--- Data to examine ---
========================================================================
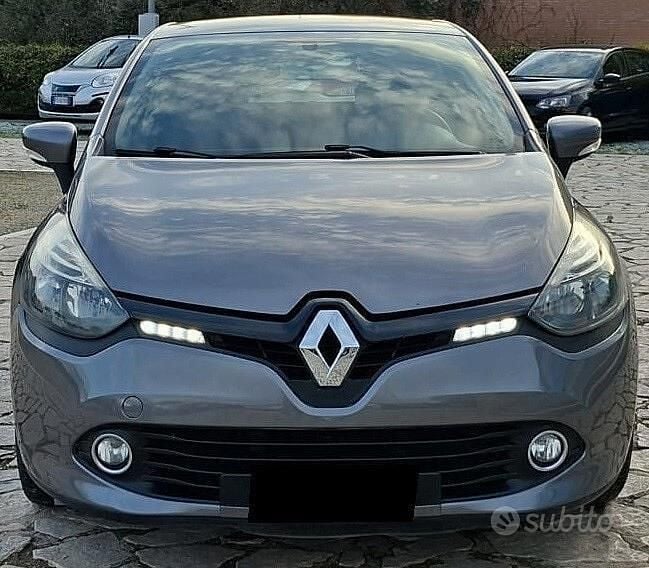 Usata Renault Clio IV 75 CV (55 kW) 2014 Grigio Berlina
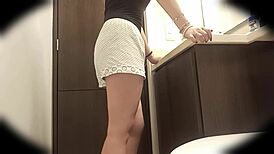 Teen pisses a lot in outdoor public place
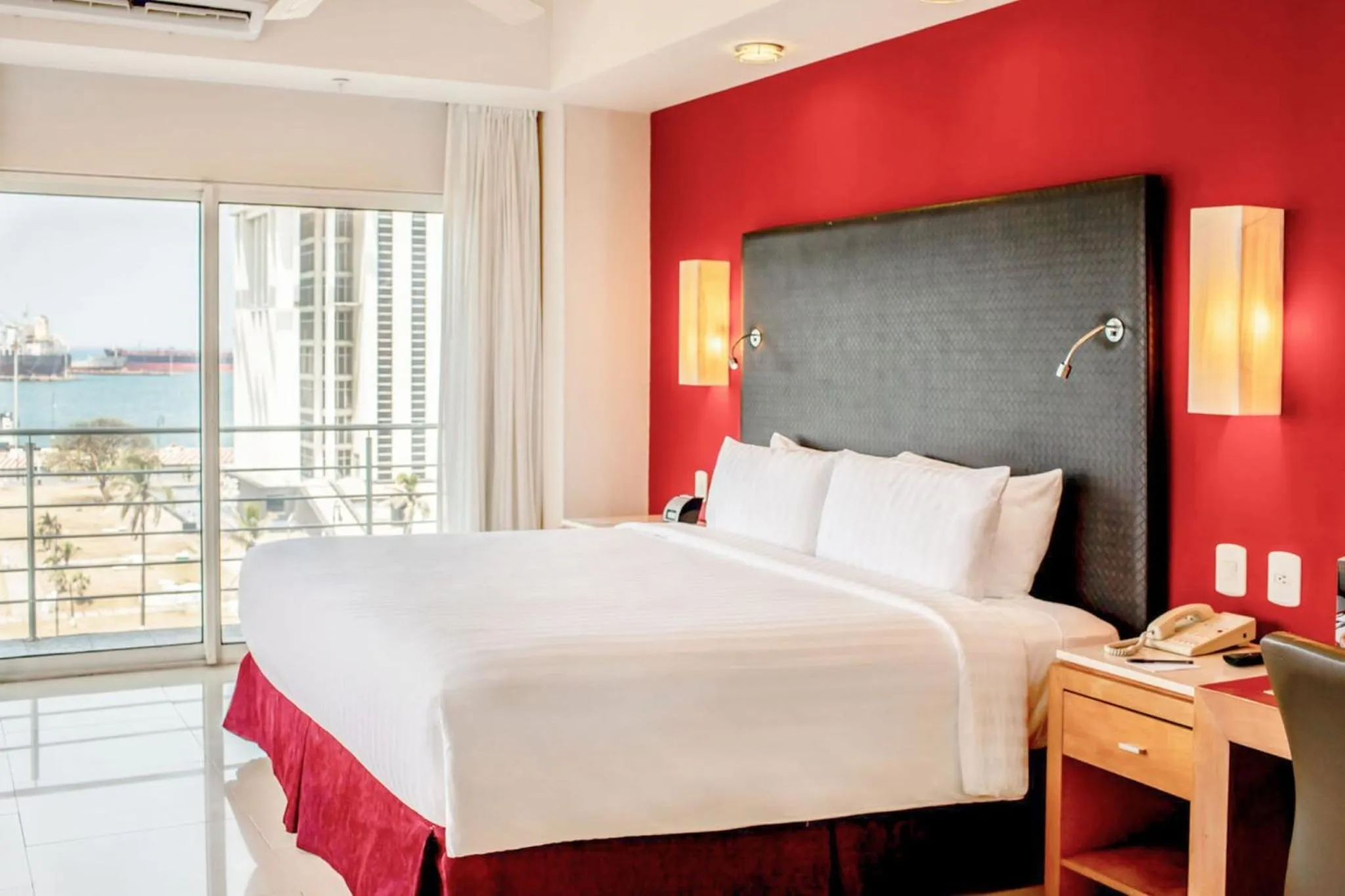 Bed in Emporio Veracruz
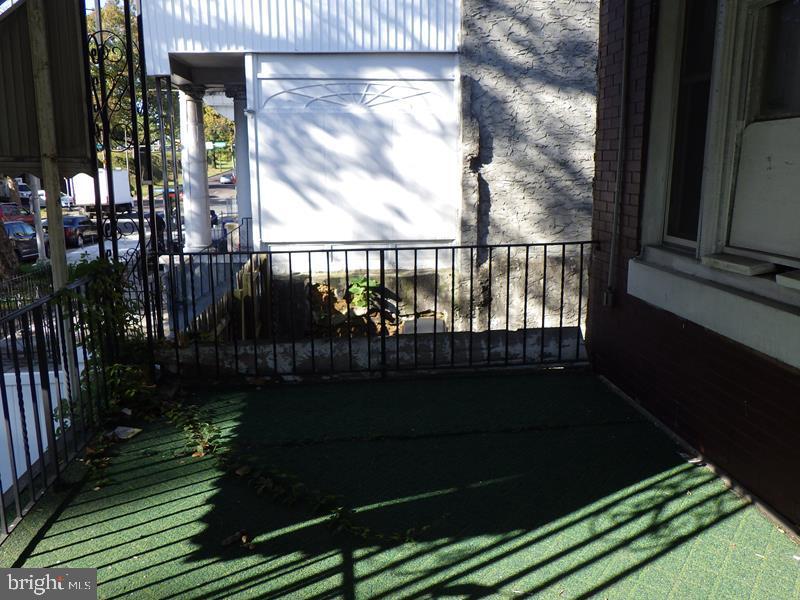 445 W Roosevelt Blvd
========================================================================
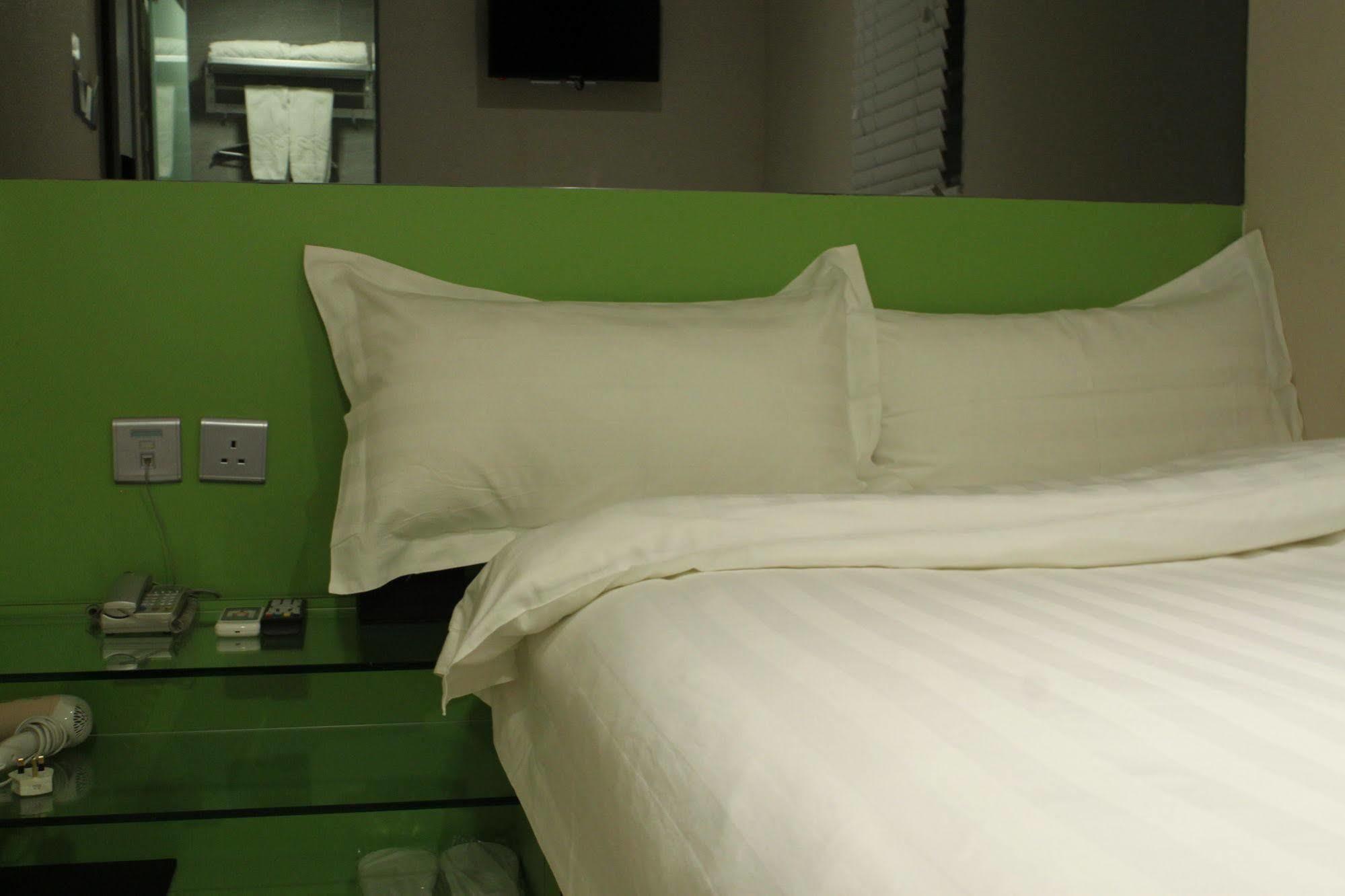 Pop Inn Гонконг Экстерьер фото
========================================================================
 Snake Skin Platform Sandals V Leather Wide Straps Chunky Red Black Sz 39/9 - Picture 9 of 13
========================================================================
--- About this task ---
In the listing above, find the line containing "Usata Renault Clio" and the line containing "445 W Roosevelt Blvd", then print exactly those two lines and every line between them, minus the pictures.

--- Completed task ---
 Usata Renault Clio IV 75 CV (55 kW) 2014 Grigio Berlina
 Teen pisses a lot in outdoor public place
 Bed in Emporio Veracruz
 445 W Roosevelt Blvd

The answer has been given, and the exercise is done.